Start of Block

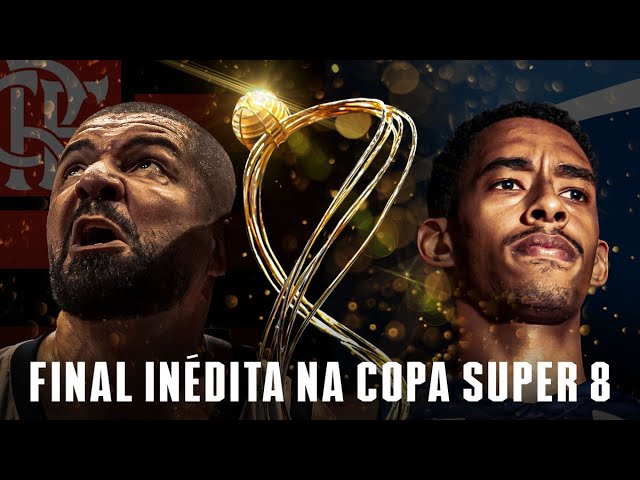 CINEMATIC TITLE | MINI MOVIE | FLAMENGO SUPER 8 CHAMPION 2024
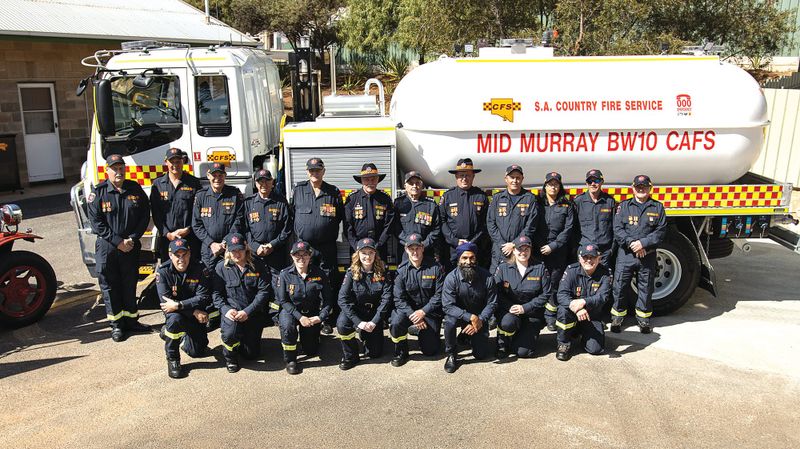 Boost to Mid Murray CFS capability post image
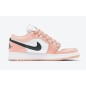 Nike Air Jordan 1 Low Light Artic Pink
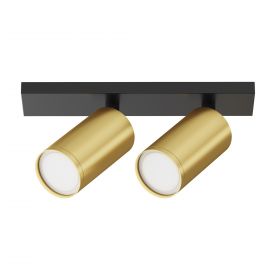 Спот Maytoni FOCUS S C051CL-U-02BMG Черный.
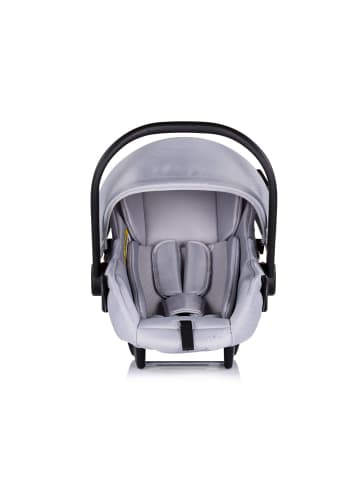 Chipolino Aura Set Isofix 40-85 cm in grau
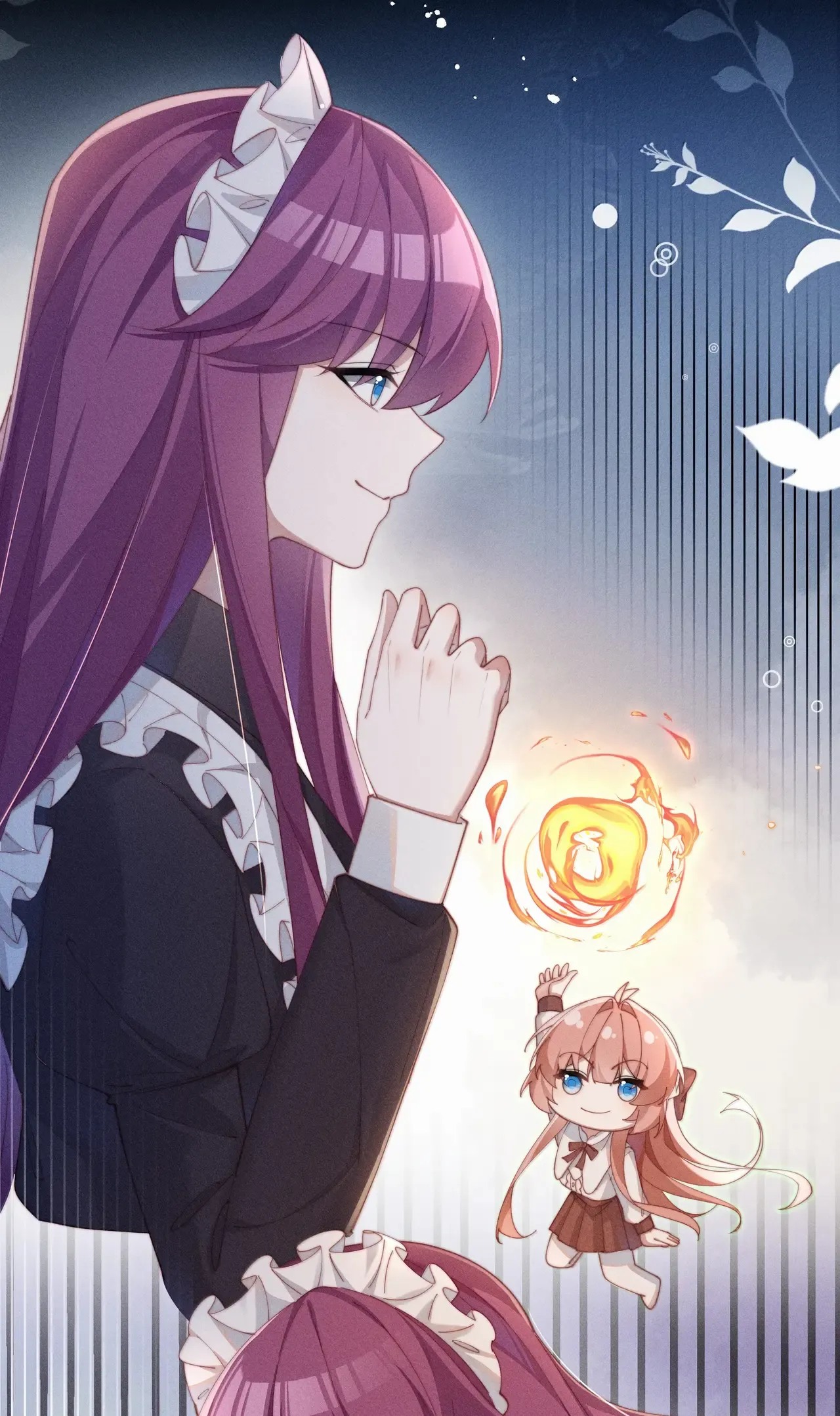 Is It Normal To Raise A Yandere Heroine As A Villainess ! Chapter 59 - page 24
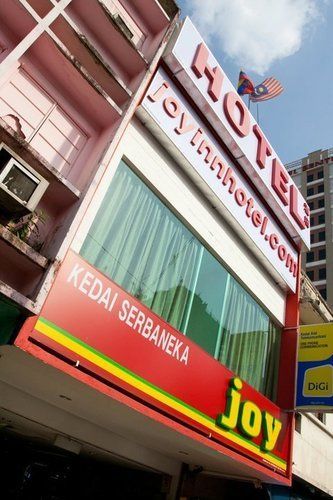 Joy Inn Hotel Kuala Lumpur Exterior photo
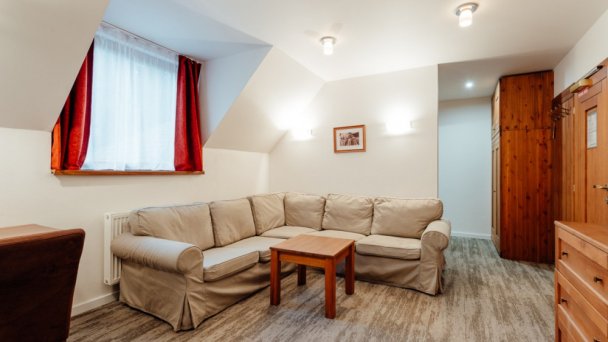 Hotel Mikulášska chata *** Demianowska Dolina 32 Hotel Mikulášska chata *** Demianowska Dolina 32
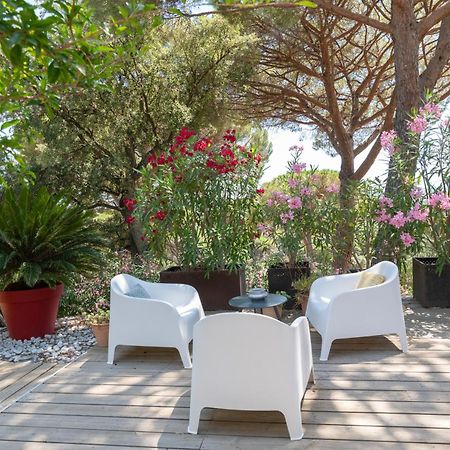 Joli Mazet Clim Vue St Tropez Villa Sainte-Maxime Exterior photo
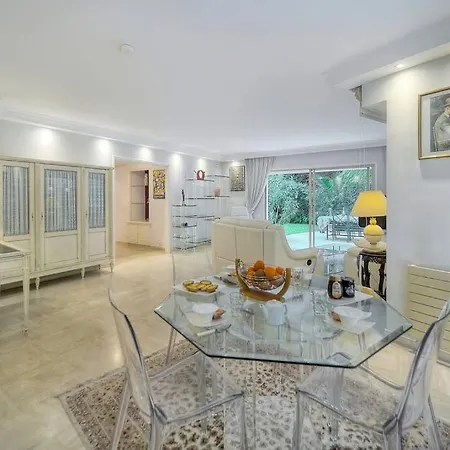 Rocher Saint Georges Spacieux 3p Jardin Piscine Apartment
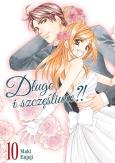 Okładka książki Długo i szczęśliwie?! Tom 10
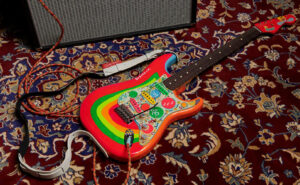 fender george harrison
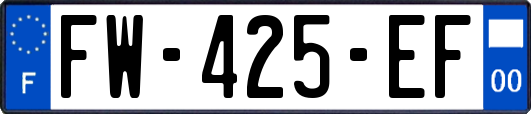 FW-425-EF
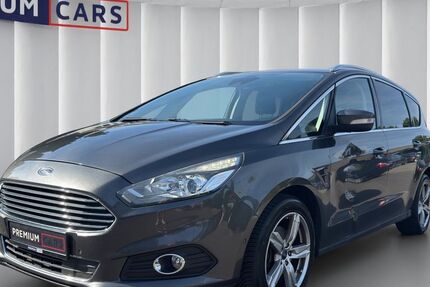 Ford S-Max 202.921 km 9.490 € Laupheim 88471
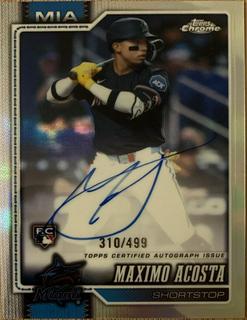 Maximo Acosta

End of Block

§ **EXERCISE DETAILS**
Write out again, exactly, only the lines from the beginning of the material above to the line that holds "Joy Inn Hotel Kuala Lumpur Exterior photo", both ends included, and no pictures.

§ **EXERCISE RESULT**
 CINEMATIC TITLE | MINI MOVIE | FLAMENGO SUPER 8 CHAMPION 2024
 Boost to Mid Murray CFS capability post image
 Nike Air Jordan 1 Low Light Artic Pink
 Спот Maytoni FOCUS S C051CL-U-02BMG Черный.
 Chipolino Aura Set Isofix 40-85 cm in grau
 Is It Normal To Raise A Yandere Heroine As A Villainess ! Chapter 59 - page 24
 Joy Inn Hotel Kuala Lumpur Exterior photo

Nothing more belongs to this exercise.